Losing Language
Today’s insight discusses understanding why your mother is not able to retrieve words very well, and why she may begin using bad language.
Transcription of Video:
Hi, I’m Deb Nygaard with Arthur’s Residential Care with today’s Insights From Arthurs.
Today I want to talk about language, and specifically body language. Sometimes you’re in a situation where you might say, “My mother said what?!?! Oh my goodness!” You are so surprised by some of the things that come out of her mouth. She might be saying swear words, racial slurs or just unkind things that she would have never said before.
When you look at a scan of the brain of a person with dementia, you will notice the decline everywhere, but the temporal lobes are where we hold our language. All of the nouns, definitions and working language are on the left temporal lobe. Things like the pattern of speech and the rhythm of speech are on the right temporal lobe.

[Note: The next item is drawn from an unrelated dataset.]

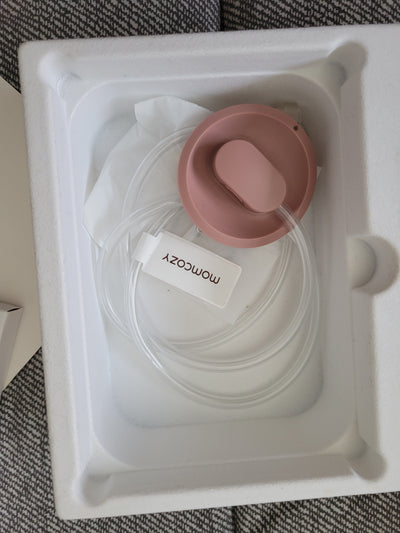 Extractor de leche eléctrico doble portátil, modelo V1 pro. Marca Momcozy (#PG5562)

People with the Alzheimer’s form of dementia lose their language especially quickly. Yet they are able to maintain the pattern of speech. So you might see someone in the later stages of dementia being able to speak using the right pattern of speech without using any real words. They retain the norms of social chit-chat even though they forget the language itself.

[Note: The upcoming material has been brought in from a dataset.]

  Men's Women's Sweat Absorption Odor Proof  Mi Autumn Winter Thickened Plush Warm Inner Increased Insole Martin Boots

The other thing that they retain longer on their right side is rhythm. So they might retain things like The Lord’s Prayer, The Pledge of Allegiance, the Rosary, songs and music. Sometime people even in the final stages of dementia can still pull out words to songs because they retain all of those. So when your mother comes out with a word that is unkind — for example words like stupid, fat or things that she would have never said — recognize that she knows those words, just as the rest of us do, and the right temporal lobe is retaining them longer than other words. It gives you a better idea of what is happening in the disease process.
I’m Deb Nygaard with Arthur’s Residential Care.